CrowdStrike has determined that the global IT outage was the result of buggy testing software that didn’t catch flawed data.
The security firm said a Content Validator bug let a template instance (a definition of how the Falcon Sensor fights threats) pass muster in spite of “problematic content data” in a file. The bad info led to an out-of-bounds memory read when delivered as Rapid Response Content, producing an exception that Windows PCs couldn’t handle without crashing.
CrowdStrike said it would prevent a repeat outage through multiple measures. It promised more sophisticated Rapid Response Content testing, more checks in the Content Validator, and improved error handling. It also planed a “staggered” deployment approach to minimize risk, and better performance monitoring, more update details, and more control over how and when Rapid Response items arrived.
The faulty update affected about 8.5 million Windows systems, according to Microsoft. The crashes knocked out IT infrastructure at businesses worldwide, including at airports, broadcasters, and payment platforms. A manual fix was available soon afterward, but it took a while for some companies to recover. Delta Air Lines is even facing an investigation for the extended downtime.
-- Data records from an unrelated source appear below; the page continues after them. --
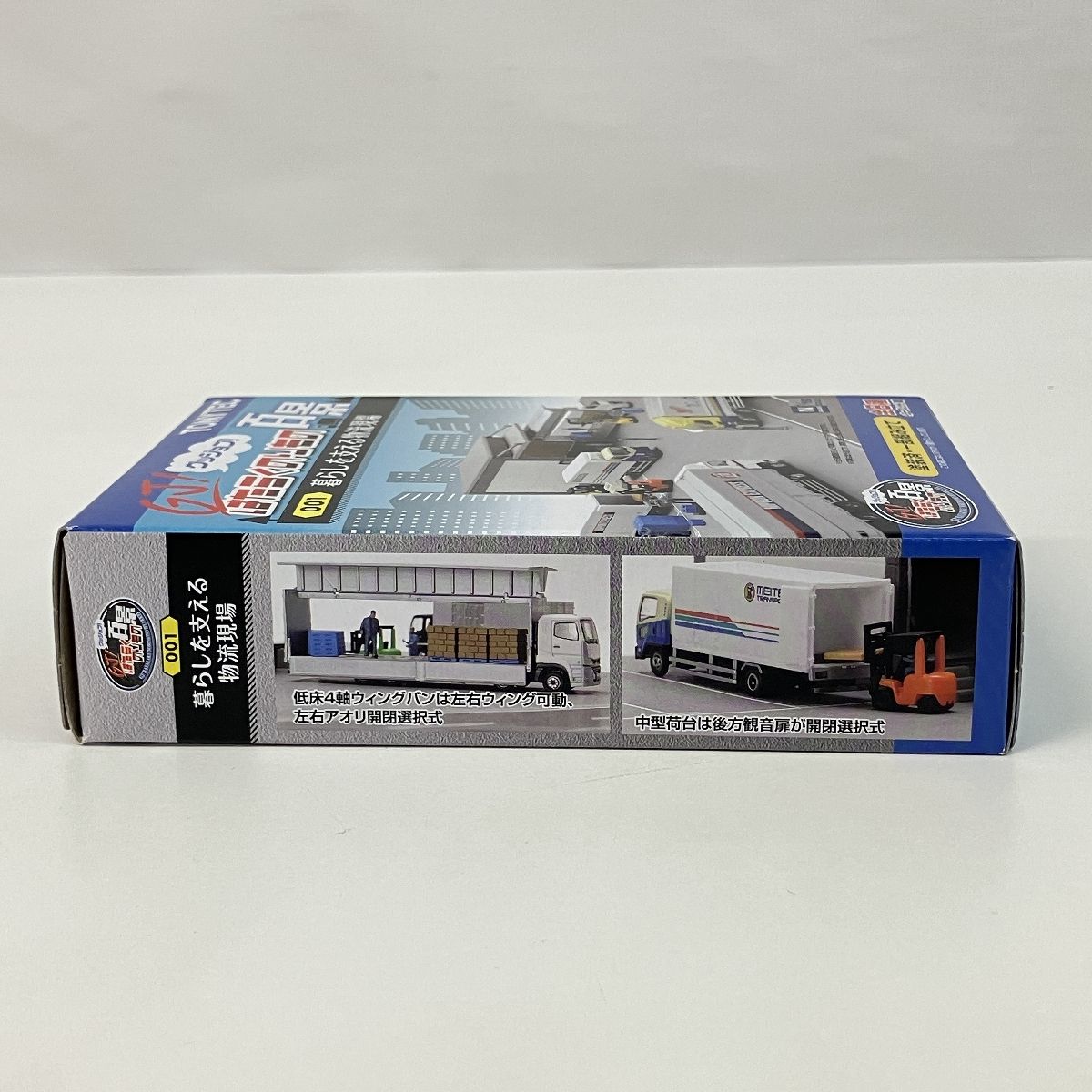 TOMYTEC GJ!はたらくのりもの百景 001 暮らしを支える物流現場 1/150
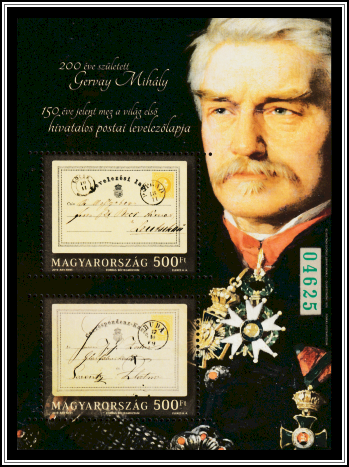Post Cards, Mihály Gervay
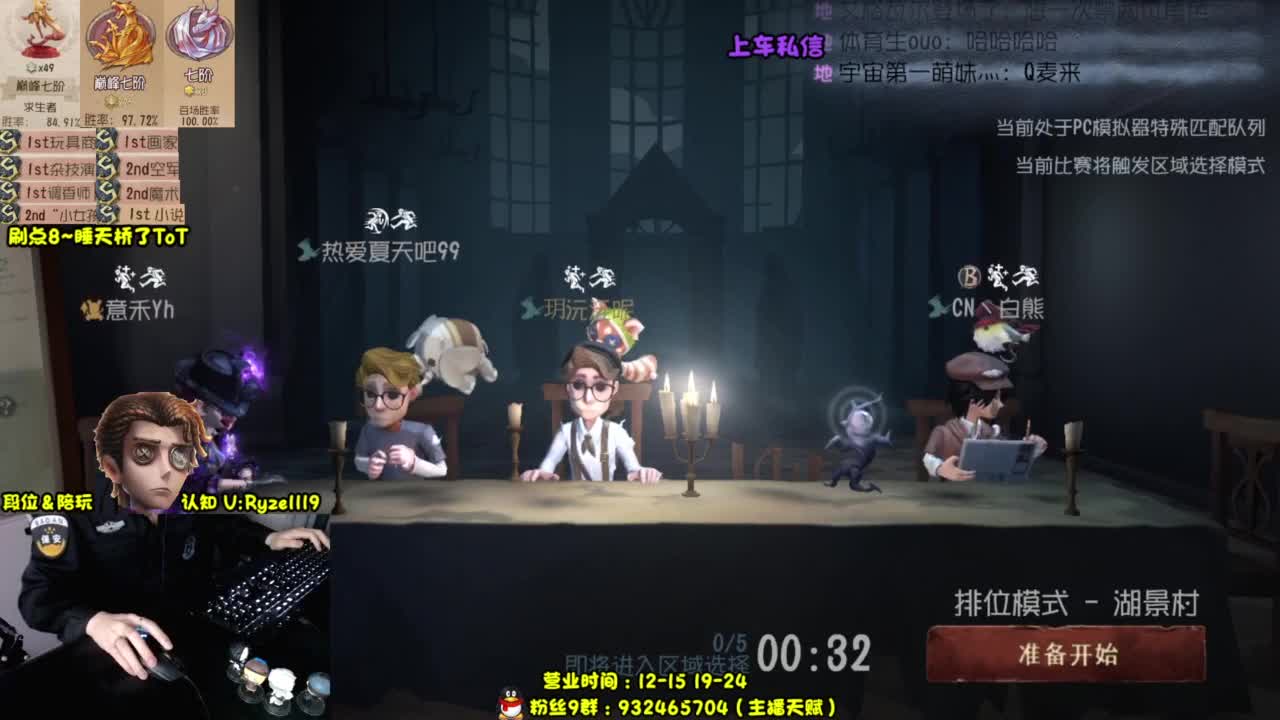 【S1小说】七阶带老板 第3段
CrowdStrike is already dealing with repercussions from the botched update. Its share price dropped 15% soon after the outage began, while CEO George Kurtz has been called to testify before Congress and explain both what happened and how the company will avoid a repeat.
While the new safeguards should help, it’s not clear why some of them weren’t present before. It’s commonplace to stagger software updates, particularly critical ones. Google often pushes updates to Android and key services gradually, for instance. The procedures wouldn’t necessarily have stopped the outage, but they might have limited the scope.